Failed to parse (SVG (MathML can be enabled via browser plugin): Invalid response ("Math extension cannot connect to Restbase.") from server "https://en.wikipedia.org/api/rest_v1/":): {\displaystyle \, D=i\eta_{ij}\gamma_i\partial_j. \!}

With a gauge connection Failed to parse (SVG (MathML can be enabled via browser plugin): Invalid response ("Math extension cannot connect to Restbase.") from server "https://en.wikipedia.org/api/rest_v1/":): {\displaystyle \,A\!} this becomes

Failed to parse (SVG (MathML can be enabled via browser plugin): Invalid response ("Math extension cannot connect to Restbase.") from server "https://en.wikipedia.org/api/rest_v1/":): {\displaystyle \, D_A=i\eta_{ij}\gamma_i(\partial_j+iA_j). \!}

The Maxwell-Dirac equation

[More info on this equation would be greatly appreciated. - Ed.]

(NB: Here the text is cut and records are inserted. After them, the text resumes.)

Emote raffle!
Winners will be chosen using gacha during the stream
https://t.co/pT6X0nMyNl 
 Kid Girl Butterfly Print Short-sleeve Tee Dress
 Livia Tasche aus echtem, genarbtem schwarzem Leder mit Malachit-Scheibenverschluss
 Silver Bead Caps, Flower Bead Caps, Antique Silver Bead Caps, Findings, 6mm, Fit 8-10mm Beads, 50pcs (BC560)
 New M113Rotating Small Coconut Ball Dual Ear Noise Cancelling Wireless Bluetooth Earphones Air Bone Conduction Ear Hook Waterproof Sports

This equation essentially reads

Failed to parse (SVG (MathML can be enabled via browser plugin): Invalid response ("Math extension cannot connect to Restbase.") from server "https://en.wikipedia.org/api/rest_v1/":): {\displaystyle \,D_A y = - y \! } Failed to parse (SVG (MathML can be enabled via browser plugin): Invalid response ("Math extension cannot connect to Restbase.") from server "https://en.wikipedia.org/api/rest_v1/":): {\displaystyle \Box A + \nabla (\nabla_{x,t} A)= \underline{y} y }

where Failed to parse (SVG (MathML can be enabled via browser plugin): Invalid response ("Math extension cannot connect to Restbase.") from server "https://en.wikipedia.org/api/rest_v1/":): {\displaystyle \, y\!} is a spinor field (solving a coupled massive Dirac equation), and Failed to parse (SVG (MathML can be enabled via browser plugin): Invalid response ("Math extension cannot connect to Restbase.") from server "https://en.wikipedia.org/api/rest_v1/":): {\displaystyle \, D\!} is the Dirac operator with connection A. We put Failed to parse (SVG (MathML can be enabled via browser plugin): Invalid response ("Math extension cannot connect to Restbase.") from server "https://en.wikipedia.org/api/rest_v1/":): {\displaystyle y} in Failed to parse (SVG (MathML can be enabled via browser plugin): Invalid response ("Math extension cannot connect to Restbase.") from server "https://en.wikipedia.org/api/rest_v1/":): {\displaystyle H^{s_1}} and Failed to parse (SVG (MathML can be enabled via browser plugin): Invalid response ("Math extension cannot connect to Restbase.") from server "https://en.wikipedia.org/api/rest_v1/":): {\displaystyle A} in Failed to parse (SVG (MathML can be enabled via browser plugin): Invalid response ("Math extension cannot connect to Restbase.") from server "https://en.wikipedia.org/api/rest_v1/":): {\displaystyle H^{s_2} \times H^{s_2 - 1}} .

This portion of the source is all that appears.